Ela esfregou os olhos com as costas da mão. Seus dedos estavam vermelhos e rachados, a pele descascando perto das juntas. Algumas partes pareciam machucadas.
"Estamos só em novembro," eu disse, franzindo a testa. "O que aconteceu com suas mãos?"
Ela puxou os braços de volta para dentro das mangas. "Não é nada. Estou acostumada a fazer serviços de casa lá em casa."
Eu a encarei. Ela parecia pequena de novo, encolhida naquele casaco grande demais, tentando se esconder nele. Soltei um suspiro.
"Seria melhor você ficar aqui e arrumar um emprego. Não dá para continuar fazendo trabalho de empregada para essas pessoas. Sua mãe estava falando em te casar agora há pouco, não estava?"
Ela assentiu. "Encontraram um cara, quarenta anos. Eles fizeram algum tipo de acordo antes de sairmos."
"Você tá falando sério?" Eu estava incrédula. "Eles querem te vender? Chega. Você NÃO vai voltar para casa com eles!"
Priya engoliu seco. "Mirabelle, você devia chamar a polícia. Não deixe eles bagunçarem mais seu apartamento. Se eles não tiverem onde ficar, vão ter que voltar pra casa."
"E você, como fica?"
Ela hesitou. "Você acha que alguém como eu conseguiria um emprego na Skyline?"
Ela mancava. A voz ainda estava rouca por causa dos danos que tinha sofrido antes. Mal tinha terminado a escola. Não seria fácil.
Mas eu já tinha visto pior dar certo. Ela só precisava de uma chance.
Ela desviou o olhar de novo. "Deixa pra lá. Eles nunca vão me deixar ficar. Ainda precisam que eu volte para cozinhar e limpar."
As portas do elevador se abriram.
Saímos para o saguão de mármore. Virei-me para ela e não a deixei desviar o olhar.
"Pense bem. Depois me diga diretamente. Você realmente quer ficar em Skyline City? Longe dos seus pais? Sozinha nessa cidade grande, sem amigos, sem família?"
Sua boca se contorceu. Ela não falou. Suas sobrancelhas ficaram franzidas.
Então, finalmente, ela assentiu. "Sim, quero."
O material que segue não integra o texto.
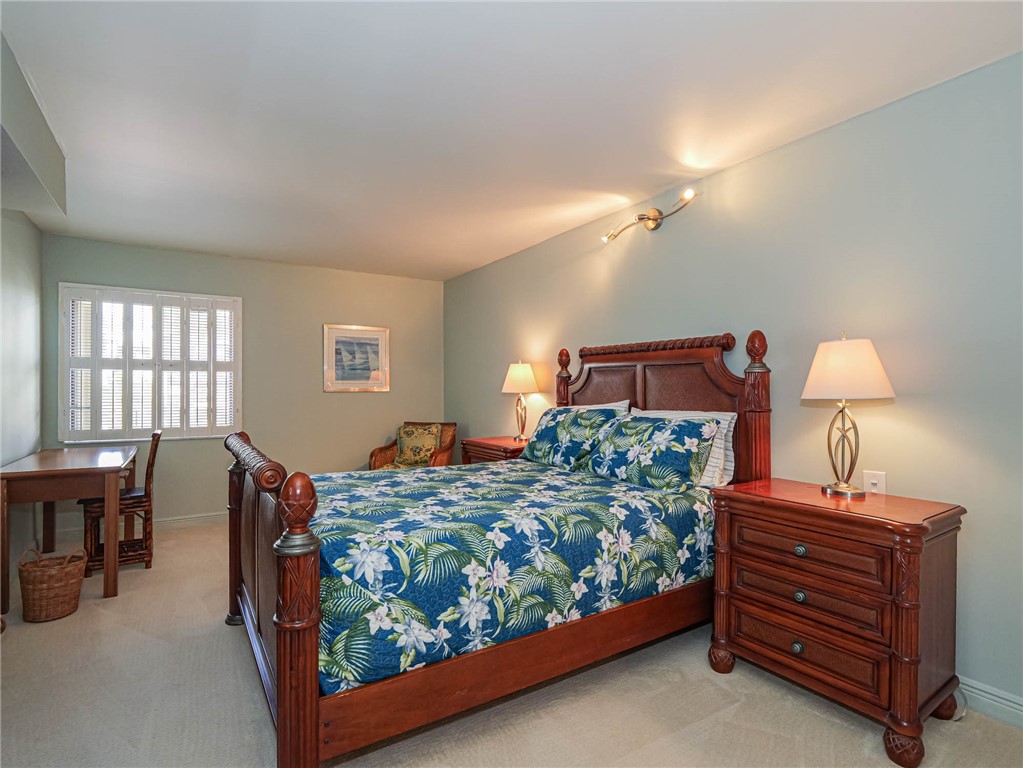1850 Bay Road, Unit 3G Vero Beach, FL 32963 - Photo 19 of 36 a bedroom with a bed and a chandelier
Eu sorri. "Ótimo. Tenho um jeito de tirar seus pais e seu irmão daqui sem levar você junto."
Seus olhos se arregalaram. Parecia que ela não acreditava em mim.
"Eu vou fazer uma ligação."
Os Apartamentos Oakwood eram propriedade da LGH.
Liguei para Ashton. Contei tudo para ele.
Ele nem hesitou. "Está sendo resolvido. Não se preocupe com isso."
"Obrigado." Desliguei e me virei para ela. "Vamos lá. Vamos fazer compras."
Levou um tempo. No começo, Priya ficou grudada ao meu lado, se encolhendo toda vez que alguém passava por perto.
Mas depois de uns vinte minutos e duas amostras de comida, seus ombros começaram a relaxar. Ela até sorriu quando eu a desafiei a experimentar um chapéu amarelo ridículo com lantejoulas.
Estávamos na metade da praça de alimentação quando meu telefone tocou novamente.
"Está resolvido", Ashton disse. "Eles estão fora. Consegui os bilhetes para eles e mandei alguém ver eles embarcarem. Já estão a caminho de seja lá qual for o canto poeirento de onde vieram."
"Espera—sério?" Parei de andar. "Como você conseguiu fazer isso tão rápido?"
"Trinta mil. Disse a eles para deixarem a garota e levarem o dinheiro. Dominic foi com algumas pessoas. Se eles tivessem dito não, ele tinha... métodos mais baratos prontos."
Eu sorri. "Você não pode me ver agora, mas estou te dando um joinha enorme."
A voz dele estava leve. "Qualquer coisa por você, senhora Laurent."